Cheap Trick is the quintessential ’70s rock band.
Think about it: you have your fashion-model prototypes in vocalist/guitarist Robin Zander and bassist Tom Petersson, your blue-collar chain-smoking (at least back then) drummer in Bun E. Carlos, and your off-the-wall goofball in guitarist Rick Nielsen, all while you’re wearing your musical influences on your sleeves while trying to carve out your own unique niche.
This formula shouldn’t have worked... but, for a brief time, it was hugely successful. Listening to Cheap Trick’s 1977 debut effort, one can hear the promise the band had... even though it’s still lacking in some areas.
The first thing that hits the listener in the face is the strength of Peterssen’s bass lines. Combined with Carlos’s solid timekeeping, a strong foundation is laid for these 10 offerings. Listen to “Elo Kiddies” and just feel the locomotive-like rhythm laid down; all Nielsen and Zander needed to do was add on the pop-rock layer of sweetness (countered with surprisingly biting lyrics).
The next thing that one hears are the musical influences. A little bit here borrowed from The Beatles, a little there lifted from The Who, and maybe a smidgen of The Kinks thrown in for added texture? Why not? What Cheap Trick does well is they don’t merely mimic their musical heroes, they work them into their own formula.
Where this disc slips for me is there isn’t enough attention paid to Zander’s vocals (and, subsequently, lyrics primarily written by Nielsen). There are some important messages in songs like “Daddy Should Have Stayed In High School,” had they been brought forward more in the mix by producer Jack Douglas.

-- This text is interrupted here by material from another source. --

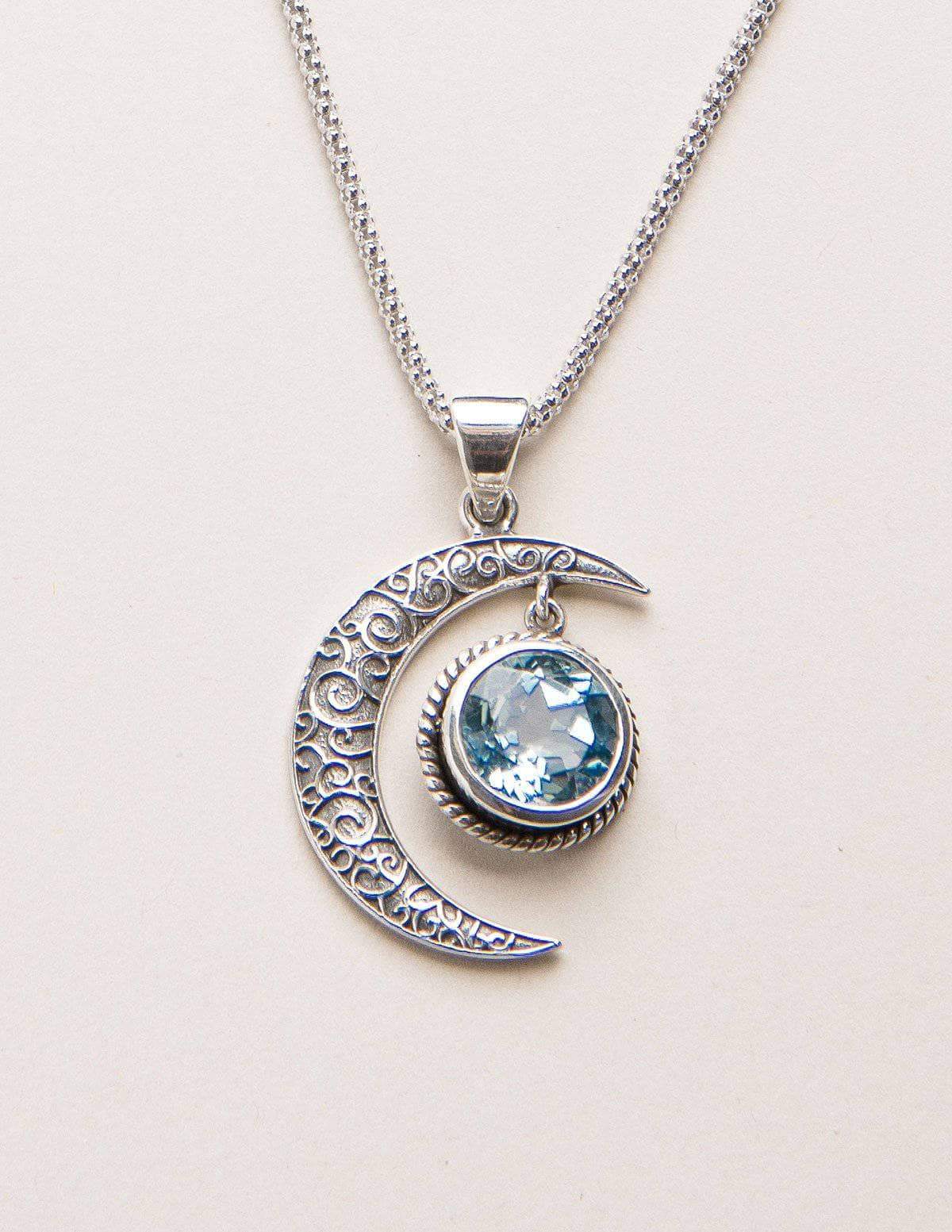 Blue Topaz Silver Moon Pendant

Cheap Trick features a band still discovering who they were and where they fit into the whole scene. So, you’re not going to find the huge hits on this one. You will, however, find tracks such as “The Ballad Of T.V. Violence (I’m Not The Only Boy),” “He’s A Whore,” “Taxman (Mr. Thief)” and the hauntingly beautiful “Mandocello.”
Other than the lyrics losing power, the biggest flaw with this disc is it’s not always the easiest disc to listen to. These songs require you to pay attention; a casual listen will leave you thinking there was no substance to this disc. I know... I made that mistake when I was younger, and even found myself struggling while listening to it for this review.
I realize I’m overlooking the bonus tracks thrown on to the reissue... honestly, they do little to add to the original disc, so I’d rather focus on the album as it was released (even though I agree reversing the sides so “Elo Kiddies” led things off on the reissue was the correct move).
All in all, Cheap Trick does prove itself to be a solid first step for the lads from Rockford, Illinois—if one is willing to put the time and attention needed into it. And, perhaps, that’s the reason it just missed denting the Billboard charts—it demanded that the listener actually think.